Berlin tries to rekindle flame
Proud Germans like to say the name of their capital city, Berlin, has something to do with bears, reports Pramit Pal Chaudhuri.world Updated: Jun 15, 2007 03:04 IST
Proud Germans like to say the name of their capital city, Berlin, has something to do with bears. Berliners, who tend to have a streak of cynical humour, says it derives from the word for “swamp”. The city was built on a marsh that was drained and covered with sand. When you walk the streets encounter a nose-wrinkling odour, Berliners tell you “it’s just some swamp gas”.
You would never guess Berlin had such poor beginnings from the look of the city centre. Thanks to having had its capital three-quarters levelled during World War II and then tortured by Stalinist monstrosities, Germany has mastered the craft of recreating architectural wonders from photographs and blueprints. There’s even a name for this technique which roughly translates as “new old architecture”.
However, the sand and swamp has meant Berlin is notable for its low skyline. Few, if any, buildings go beyond five storeys making the city centre, especially on a sunny summer’s day, look like the centre of a small town with a long past.
German foreign policy is about rebuilding right now. The government believes it is on a slow but steady path to restoring relations with the US. It will be a lot easier when George W. Bush steps down, but even the White House’s present chastened demeanour is giving Berlin hope it can restore a bilateral relationship that was once the heart of the Atlantic Alliance.
It still seems a bit unbalanced: Germans says there’s plenty common ground with the US in Africa — the Pentagon’s new Africa Command is based in Germany, but a lot of differences over global warming and the West Asia. However, US diplomats in Berlin agree things have not been so cozy in a long time.
Berlin also seems a little baffled about what to do with the new Empire of Spooks that is arising in Moscow. Assassinating critics with $24 million worth of polonium is a remarkable display of an “I don’t give a damn” attitude.

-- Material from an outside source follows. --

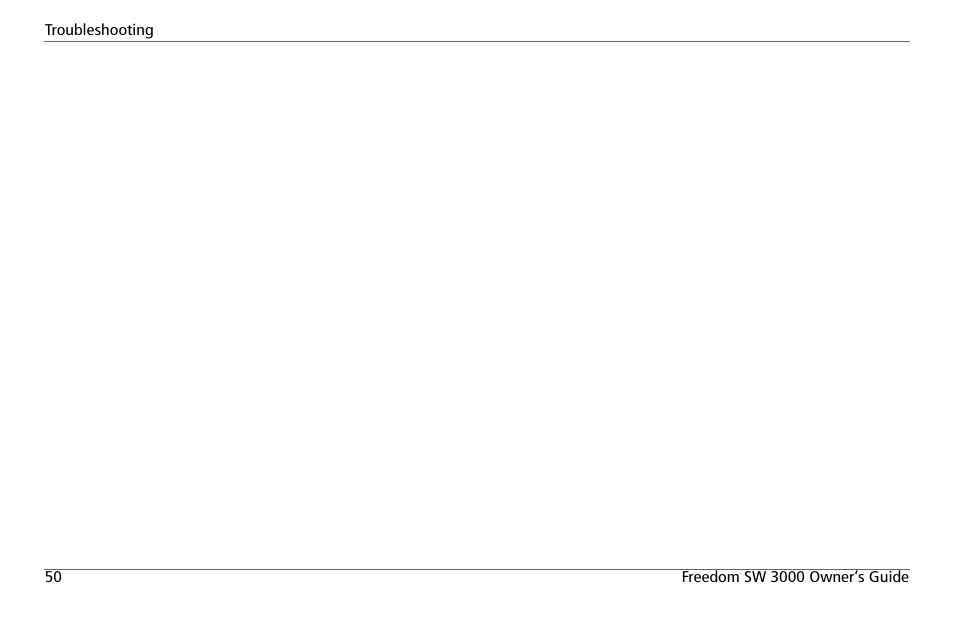 Fault messages | Xantrex Technology FREEDOM SW 3000 User Manual | Page 64 / 86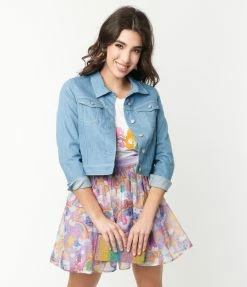 Care Bears XÃ‚Â Unique Vintage 1950s Wish With Your Heart Jean Jacket Fan Flair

No one in Berlin seemed surprised that Russia rejected the European Union’s Energy Charter — designed to commit the Kremlin to not send political diktats down its gas pipelines.
Brown backs off
Over in Blighty, the mood is quite the opposite. The soon-to-be prime minister, Gordon Brown, is seen as “less flash, more reflection” than Tony Blair. After six years of being taunted as Washington’s poodle (all the more irritating because it’s a French dog) Brown’s greater reserve about the Cousins is being welcomed by most in Whitehall . “You’ll find Brown a much more cerebral type,” say British officials weary of Blair’s policy-making by instinct.
So one is faced with the curious sight of London is trying to put some distance between itself and Washington while the Continent is walking in the other direction. France has just elected an openly pro-American Nicholas Sarkozy. Germans insist Angela Merkel will be the Lady of the Lamp when it comes to healing the Atlantic wound.

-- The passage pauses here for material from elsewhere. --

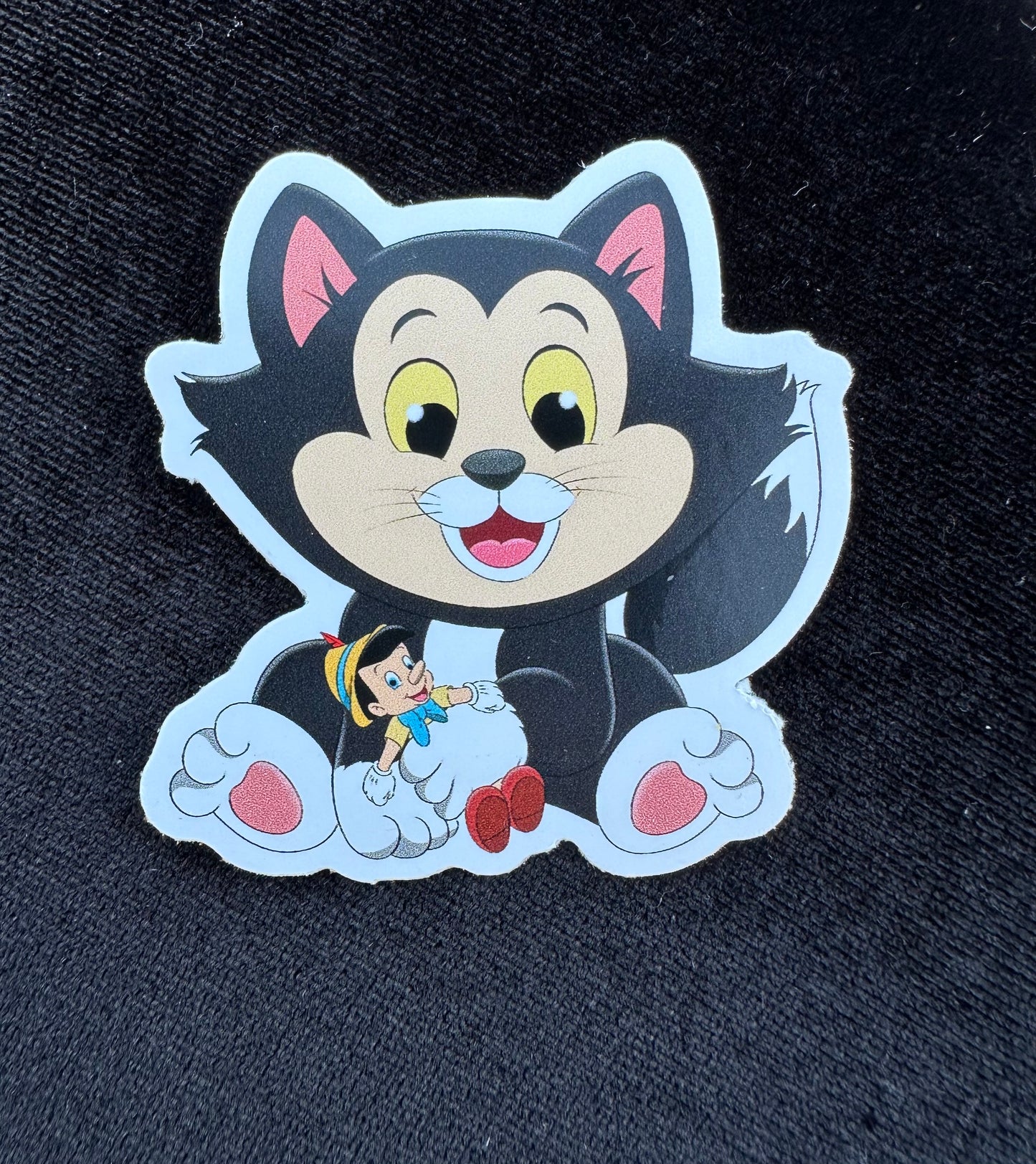 Cuddle Critters Pinocchio Figaro Sticker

She’s the senior European leader now, point out German diplomats. Unfortunately, Merkel’s record of Getting Things Done is nothing to write home about. Prediction: she’s going to have to do a lot of huffing to keep up with a live wire like Sarkozy.
One thing Brown can expect to retain: scepticism about Europe. The channel isn’t fully bridged, or tunnelled. At one point I was walking through Blenheim Palace, a baroque monstrosity built in rural Oxford to thank the Duke of Marlborough for his military victories in the War of the Spanish Succession.

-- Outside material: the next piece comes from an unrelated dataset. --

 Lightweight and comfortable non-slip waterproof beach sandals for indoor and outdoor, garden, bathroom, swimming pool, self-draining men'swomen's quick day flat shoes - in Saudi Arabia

A French professor, after seeing display after display showing Marlborough routing French armies, said, “No one in France has heard of these battles.” A few Brits snorted disbelievingly.
After reading some more literature, the Frenchman said, “I’ve worked out which war this was, but the British lost it. They wanted to stop the French king’s grandson from becoming king of Spain. They didn’t stop that. This palace is pointless.” Half-true: the grandson had to renounce his right to the French throne and, therefore, ensured France and Spain didn’t become the 18th century’s superpower.
On the other hand, Blenheim doesn’t mention that in his last battle, Malplaquet, the duke lost twice as many men as the French and had to give up his offensive. An ex-Pentagon official, listening to all this historiography, only said: “Losing battles and then claiming political victory. That’s so French.”